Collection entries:
= Beginning of Section =

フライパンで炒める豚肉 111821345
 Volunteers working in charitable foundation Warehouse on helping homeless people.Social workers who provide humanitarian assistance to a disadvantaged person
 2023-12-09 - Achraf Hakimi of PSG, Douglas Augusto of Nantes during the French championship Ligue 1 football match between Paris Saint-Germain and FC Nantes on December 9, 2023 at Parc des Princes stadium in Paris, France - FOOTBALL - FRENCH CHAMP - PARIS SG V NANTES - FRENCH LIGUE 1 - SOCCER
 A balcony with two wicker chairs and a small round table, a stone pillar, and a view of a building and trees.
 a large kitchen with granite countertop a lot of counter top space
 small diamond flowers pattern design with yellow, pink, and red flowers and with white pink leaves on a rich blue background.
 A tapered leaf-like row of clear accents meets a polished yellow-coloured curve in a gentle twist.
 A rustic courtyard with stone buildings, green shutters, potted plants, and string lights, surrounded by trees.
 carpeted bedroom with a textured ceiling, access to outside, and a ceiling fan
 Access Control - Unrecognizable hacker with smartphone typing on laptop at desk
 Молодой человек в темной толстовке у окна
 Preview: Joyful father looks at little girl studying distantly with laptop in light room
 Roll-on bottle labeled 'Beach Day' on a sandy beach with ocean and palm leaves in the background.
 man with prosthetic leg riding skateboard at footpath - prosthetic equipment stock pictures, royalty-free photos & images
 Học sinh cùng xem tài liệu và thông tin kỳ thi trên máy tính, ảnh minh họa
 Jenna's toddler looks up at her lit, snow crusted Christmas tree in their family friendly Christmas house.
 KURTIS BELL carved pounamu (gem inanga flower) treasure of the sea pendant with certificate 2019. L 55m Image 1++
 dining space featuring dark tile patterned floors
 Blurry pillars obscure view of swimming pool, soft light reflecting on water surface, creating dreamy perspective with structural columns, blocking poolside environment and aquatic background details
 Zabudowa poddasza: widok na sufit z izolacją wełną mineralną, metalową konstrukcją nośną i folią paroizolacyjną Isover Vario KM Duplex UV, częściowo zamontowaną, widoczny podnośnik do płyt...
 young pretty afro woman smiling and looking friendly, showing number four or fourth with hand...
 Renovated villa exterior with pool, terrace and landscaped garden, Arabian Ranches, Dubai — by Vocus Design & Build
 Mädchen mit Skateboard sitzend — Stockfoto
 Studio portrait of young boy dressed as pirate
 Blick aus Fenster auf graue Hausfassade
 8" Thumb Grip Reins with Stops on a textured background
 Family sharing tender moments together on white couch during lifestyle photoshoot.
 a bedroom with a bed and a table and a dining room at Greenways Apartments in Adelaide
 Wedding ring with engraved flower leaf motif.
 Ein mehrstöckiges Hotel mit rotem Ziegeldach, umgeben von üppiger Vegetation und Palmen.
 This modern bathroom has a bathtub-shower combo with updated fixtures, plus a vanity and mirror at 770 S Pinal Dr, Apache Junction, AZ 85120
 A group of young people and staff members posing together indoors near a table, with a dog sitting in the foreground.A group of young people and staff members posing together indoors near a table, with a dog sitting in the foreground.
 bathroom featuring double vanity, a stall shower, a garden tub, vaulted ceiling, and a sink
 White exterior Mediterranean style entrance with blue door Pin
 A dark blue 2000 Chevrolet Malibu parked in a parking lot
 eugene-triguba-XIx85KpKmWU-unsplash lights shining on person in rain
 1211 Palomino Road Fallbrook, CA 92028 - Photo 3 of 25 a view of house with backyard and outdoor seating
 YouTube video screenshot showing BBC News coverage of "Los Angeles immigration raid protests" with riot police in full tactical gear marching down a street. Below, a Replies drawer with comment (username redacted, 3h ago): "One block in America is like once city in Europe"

= End of Section =

Try it:
Count the lines in the entries where the string "bedroom" appears, and report only the number.

Final answer:
2